Wheels of fortune

The faint wisp of pale smoke would curl through the top hole in our covered tin can like a weak, wavering genie, as we sucked in our breaths, impatiently waiting for the big blast. Across our mixed neighbourhoods in the villages of South Georgetown, a series of satisfying booms would echo from the small pebbles of cheap white ‘carbon’ that were soundly spat on, well shaken and then lit by jostling groups of excited children, coughing from the smog and the sharp smell of the chemical reaction.
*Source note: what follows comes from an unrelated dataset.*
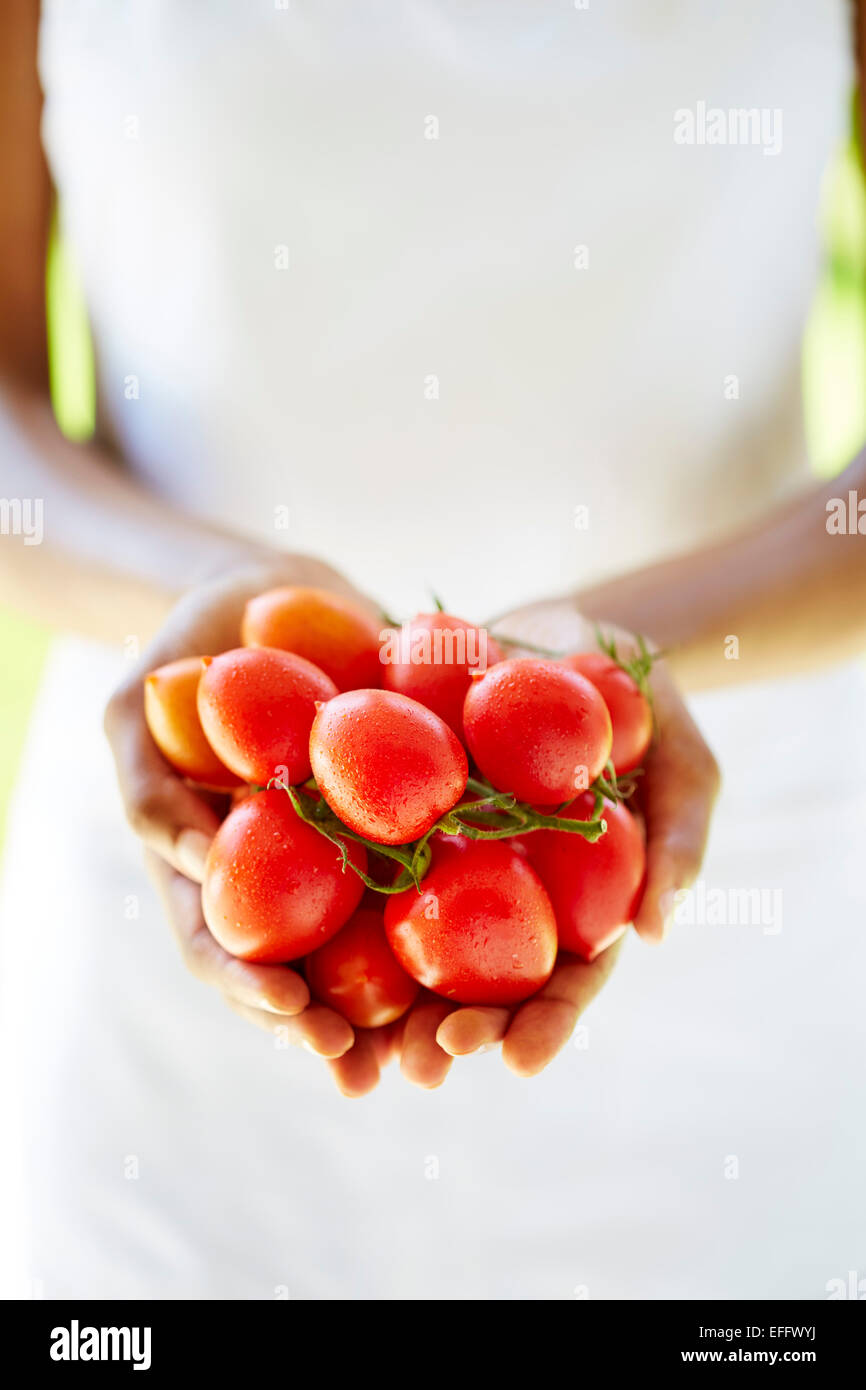 Woman's hands holding tomatoes Stock Photo - Alamy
During the hectic Hindu festival of Deepavali and in the busy weeks leading up to the next big holiday of Christmas, the city streets turned restless, hazy and noisy as we screamed over our homemade carbon “bombs” ignited in recycled cans or fresh pieces of bamboo. At night, the displays proved spectacular, when we lit easy homemade fireworks in swirling showers of glowing steel wool carefully stuck to a piece of wire, cut from a converted clothes hanger, sneaked from the musty family closet.

Gripping the empty end, we would take turns spinning the plain wads over our heads, as if our lives depended on it, knowing that we did not have much time before the flimsy filaments flared and faded. Wayward pieces occasionally dislodged, indiscriminately singeing hair and bare skin, and leaving tell-tale black holes in our precious clothing.